Pour respecter la planète, il est important de respecter le cycle naturel

Publié le 16 octobre 2020

Monseigneur Jacques Habert, évêque de Séez et accompagnateur de la Mission en monde rurale, témoigne d’une attention particulière au monde agricole et rural. Il revient sur son expérience pastorale dans son diocèse effectué en 2019. Il évoque également la prochaine Assemblée plénière des évêques de France à Lourdes consacrée à l’agriculture, et « Terres d’espérance », la prochaine rencontre nationale rurale qui se tiendra à Châteauneuf-de-Galaure, en avril 2021.  Interview.

D’octobre 2018 à juin 2019, vos visites pastorales dans le diocèse de Séez étaient consacrées au monde rural et agricole. Quel regard portez-vous deux ans après ?

En 2011, suite à mon ordination, j’ai réalisé une première visite pastorale pour connaitre le territoire de l’Orne. Cette fois-ci, je souhaitais engager une démarche thématique dans les dix pôles missionnaires du diocèse (regroupement de paroisses), auprès des agriculteurs et de ses habitants. Il s’agissait de mesurer la complexité de ce territoire, et de voir les belles et stimulantes initiatives qui existent. J’ai aussi écouté les souffrances, les épreuves, et les grandes difficultés que traversent les habitants qui vivent en « hyper-ruralité ».

Vous étiez au plus près des réalités du monde rural. Comment avez-vous vécu personnellement ces rencontres ?

De ces rencontres du monde rural, j’ai approfondi certaines dimensions, et j’ai modestement le sentiment d’avoir apporté mon soutien, et une vision de l’Église proche des gens. Le mouvement des « gilets jaunes » a éclaté en novembre 2018, un mois après le lancement de mes visites pastorales. J’ai pu constater quelques évolutions. Dans les campagnes, la réalité de la fracture sociale s’est greffée sur un sentiment d’abandon social et une peur du déclassement. À l’issue de ces visites, j’ai adressé un courrier à tous les élus du Département pour leur faire part de ma démarche, car les solutions passent aussi par des réflexions et des décisions politiques sur le plan local, régional, national, et européen.

Comment l’Église peut-elle témoigner son soutien au monde agricole et rural ? Comment pouvons-nous apporter de l’Espérance chrétienne ?

Qu’ils soient croyants ou non, les agriculteurs étaient honorés que l’évêque vienne frapper à leur porte. Je leur apportais l’encyclique du pape François Laudato Si’. Entre eux, les solidarités s’expriment de diverses manières. J’ai vu des habitants debout, fiers et heureux de leur activité, et en même temps quelle complexité vivent-ils ! C’est en ayant une prise de conscience que les choses pourront évoluer. Les communautés chrétiennes doivent entreprendre ce même chemin de réflexion. Nous avons – à l’échelle du diocèse – organisé dix soirées thématiques pour évoquer à la lumière de la Doctrine sociale de l’Eglise (DSE), les questions environnementales et sociales, et la question de l’écologie intégrale. Les thèmes portaient à la fois sur la place des jeunes, les pauvretés et solidarités ou les enjeux de l’emploi sur les territoires ruraux…
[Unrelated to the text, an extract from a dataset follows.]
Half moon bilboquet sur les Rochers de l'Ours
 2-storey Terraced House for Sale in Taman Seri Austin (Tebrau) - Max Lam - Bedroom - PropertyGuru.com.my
La prochaine Assemblée plénière des évêques de France qui se tiendra en novembre 2020 à Lourdes s’intitule : « Cultiver la terre et se nourrir ». Que vous inspire ce thème ?

Les agriculteurs me rappelaient sans cesse leur rôle, celui de nourrir la planète et les hommes. Nous ne mesurons pas forcément cette évidence. Quand nous achetons des aliments, nous n’avons pas toujours conscience de tous les maillons de la chaîne alimentaire. Dans le Livre de la Genèse, quand Dieu confie la Création à l’Homme, il est question de nourriture. Donner à manger à la population est une dimension indispensable, et essentielle de la vie en société.

Viendrez-vous accompagnés lors de l’Assemblée plénière de novembre 2020 ?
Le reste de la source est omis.